In the above. Equation a and b are fit parameters of the Weibull distribution. For bottleneck A q-Q_arr (A) and for bottleneck B q = Q_arr (B), respectively, as long as the bottlenecks are inactive, ie. as long as no traffic disruption has developed. Here, the respective measuring cross sections measure the traffic flow that flows through the bottlenecks, and which leads with increasing probability to traffic collapse.

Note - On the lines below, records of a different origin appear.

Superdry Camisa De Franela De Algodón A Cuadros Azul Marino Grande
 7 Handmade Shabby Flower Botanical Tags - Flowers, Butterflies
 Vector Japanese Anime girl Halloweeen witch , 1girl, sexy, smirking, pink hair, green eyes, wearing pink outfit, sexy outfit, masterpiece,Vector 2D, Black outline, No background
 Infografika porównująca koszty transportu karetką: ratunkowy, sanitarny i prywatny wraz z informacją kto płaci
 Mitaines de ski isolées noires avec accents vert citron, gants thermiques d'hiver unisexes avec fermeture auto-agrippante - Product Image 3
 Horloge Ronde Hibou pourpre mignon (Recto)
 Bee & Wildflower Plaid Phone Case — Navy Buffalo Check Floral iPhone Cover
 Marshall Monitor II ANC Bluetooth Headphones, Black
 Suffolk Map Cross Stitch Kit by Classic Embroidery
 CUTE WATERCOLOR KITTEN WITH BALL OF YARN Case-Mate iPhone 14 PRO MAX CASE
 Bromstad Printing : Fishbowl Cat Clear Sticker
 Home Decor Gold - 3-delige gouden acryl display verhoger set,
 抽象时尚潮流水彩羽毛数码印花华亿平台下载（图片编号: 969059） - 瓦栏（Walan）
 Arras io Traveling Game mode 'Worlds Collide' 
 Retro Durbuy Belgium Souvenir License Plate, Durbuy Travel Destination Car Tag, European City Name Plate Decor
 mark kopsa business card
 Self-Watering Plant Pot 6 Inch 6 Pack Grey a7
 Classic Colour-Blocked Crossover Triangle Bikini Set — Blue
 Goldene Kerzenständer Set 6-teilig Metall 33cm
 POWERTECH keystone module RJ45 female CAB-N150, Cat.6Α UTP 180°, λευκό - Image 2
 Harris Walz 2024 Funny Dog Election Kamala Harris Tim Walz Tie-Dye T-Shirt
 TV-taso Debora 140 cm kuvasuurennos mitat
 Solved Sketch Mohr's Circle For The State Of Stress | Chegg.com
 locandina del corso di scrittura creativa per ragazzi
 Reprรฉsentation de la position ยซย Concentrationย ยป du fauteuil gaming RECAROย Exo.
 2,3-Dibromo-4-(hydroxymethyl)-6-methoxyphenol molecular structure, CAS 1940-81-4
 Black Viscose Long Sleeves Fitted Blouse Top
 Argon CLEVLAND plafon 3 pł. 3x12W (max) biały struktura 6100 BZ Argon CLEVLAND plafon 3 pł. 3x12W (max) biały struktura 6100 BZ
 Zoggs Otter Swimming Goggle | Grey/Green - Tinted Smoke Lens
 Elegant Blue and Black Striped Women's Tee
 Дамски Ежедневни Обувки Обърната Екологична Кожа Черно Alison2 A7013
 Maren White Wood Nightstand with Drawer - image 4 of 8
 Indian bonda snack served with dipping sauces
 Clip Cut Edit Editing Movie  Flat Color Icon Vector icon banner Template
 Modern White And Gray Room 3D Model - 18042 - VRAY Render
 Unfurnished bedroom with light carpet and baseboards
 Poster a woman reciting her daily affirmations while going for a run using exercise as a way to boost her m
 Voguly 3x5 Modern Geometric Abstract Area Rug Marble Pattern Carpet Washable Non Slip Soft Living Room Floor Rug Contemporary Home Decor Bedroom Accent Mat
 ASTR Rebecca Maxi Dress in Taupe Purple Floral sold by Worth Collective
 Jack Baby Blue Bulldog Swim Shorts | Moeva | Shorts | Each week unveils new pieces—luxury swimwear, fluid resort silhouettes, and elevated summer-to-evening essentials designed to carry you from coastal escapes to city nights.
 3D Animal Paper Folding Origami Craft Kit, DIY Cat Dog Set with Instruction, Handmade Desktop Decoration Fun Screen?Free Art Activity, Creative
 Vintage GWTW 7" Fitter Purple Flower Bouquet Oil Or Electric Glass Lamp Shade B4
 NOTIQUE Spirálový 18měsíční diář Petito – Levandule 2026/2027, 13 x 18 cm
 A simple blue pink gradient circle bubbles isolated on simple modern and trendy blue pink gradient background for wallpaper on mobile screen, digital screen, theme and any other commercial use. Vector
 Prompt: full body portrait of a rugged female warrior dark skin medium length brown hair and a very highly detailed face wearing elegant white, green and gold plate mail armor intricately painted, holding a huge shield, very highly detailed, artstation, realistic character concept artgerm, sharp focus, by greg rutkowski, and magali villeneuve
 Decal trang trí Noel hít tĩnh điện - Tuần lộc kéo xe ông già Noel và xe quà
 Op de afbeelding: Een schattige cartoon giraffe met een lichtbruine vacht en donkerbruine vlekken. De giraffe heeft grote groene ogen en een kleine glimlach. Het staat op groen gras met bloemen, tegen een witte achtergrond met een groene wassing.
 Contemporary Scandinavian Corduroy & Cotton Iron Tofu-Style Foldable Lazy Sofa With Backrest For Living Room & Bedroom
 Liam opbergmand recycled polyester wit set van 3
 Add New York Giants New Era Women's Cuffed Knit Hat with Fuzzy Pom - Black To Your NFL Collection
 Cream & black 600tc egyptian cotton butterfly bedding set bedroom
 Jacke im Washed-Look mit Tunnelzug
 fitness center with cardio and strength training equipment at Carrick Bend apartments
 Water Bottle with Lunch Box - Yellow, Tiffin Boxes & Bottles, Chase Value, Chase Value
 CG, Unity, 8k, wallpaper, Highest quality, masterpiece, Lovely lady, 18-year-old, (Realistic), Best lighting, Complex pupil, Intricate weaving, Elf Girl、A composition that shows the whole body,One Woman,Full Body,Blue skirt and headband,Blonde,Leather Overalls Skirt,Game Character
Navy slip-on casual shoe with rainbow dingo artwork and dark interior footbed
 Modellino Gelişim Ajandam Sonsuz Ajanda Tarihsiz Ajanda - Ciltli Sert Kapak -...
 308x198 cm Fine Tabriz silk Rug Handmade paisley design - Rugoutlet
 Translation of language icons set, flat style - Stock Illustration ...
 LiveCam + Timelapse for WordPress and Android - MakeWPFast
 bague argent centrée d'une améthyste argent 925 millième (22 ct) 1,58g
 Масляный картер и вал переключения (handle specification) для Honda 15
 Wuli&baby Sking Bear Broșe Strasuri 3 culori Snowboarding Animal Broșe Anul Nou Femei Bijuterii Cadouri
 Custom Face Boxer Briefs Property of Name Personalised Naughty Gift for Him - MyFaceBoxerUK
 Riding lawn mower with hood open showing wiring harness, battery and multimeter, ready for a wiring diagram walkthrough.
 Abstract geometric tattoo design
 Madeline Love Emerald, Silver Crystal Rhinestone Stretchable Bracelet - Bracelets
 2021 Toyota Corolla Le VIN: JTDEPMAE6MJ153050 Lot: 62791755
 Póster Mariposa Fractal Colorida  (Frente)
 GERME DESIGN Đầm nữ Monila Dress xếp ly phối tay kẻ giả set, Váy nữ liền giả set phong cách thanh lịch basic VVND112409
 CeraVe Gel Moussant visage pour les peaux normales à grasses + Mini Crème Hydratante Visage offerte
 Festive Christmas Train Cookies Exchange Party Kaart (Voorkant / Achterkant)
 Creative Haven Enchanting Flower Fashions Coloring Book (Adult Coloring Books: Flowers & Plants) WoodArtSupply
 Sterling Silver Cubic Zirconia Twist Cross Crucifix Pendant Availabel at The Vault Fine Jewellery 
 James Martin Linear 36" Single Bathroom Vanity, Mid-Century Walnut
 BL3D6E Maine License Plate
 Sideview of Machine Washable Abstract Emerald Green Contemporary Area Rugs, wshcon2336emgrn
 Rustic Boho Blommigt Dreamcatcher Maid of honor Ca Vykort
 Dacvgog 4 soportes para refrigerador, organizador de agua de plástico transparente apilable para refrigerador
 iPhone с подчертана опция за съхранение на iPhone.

In this procedure, fit parameters (a and b in the example above) are determined for all bottlenecks in the considered road network. The FIG. 2 shows an example of the result. The function Q_arr is given by the measured values for the traffic flow of the respective measuring cross section. The parameters a and b can be determined by common mathematical fit methods. It is known from the past in which traffic flows (q (t) = Q_arr (A, t)) traffic crashes occurred. The collapse probability at the bottleneck A as a function of the traffic flow q can be determined, for example, with the Kaplan-Meier estimator for the survival probability. The past values determined in this way can be adapted to the Weibull distribution, eg by a least-square-fit method.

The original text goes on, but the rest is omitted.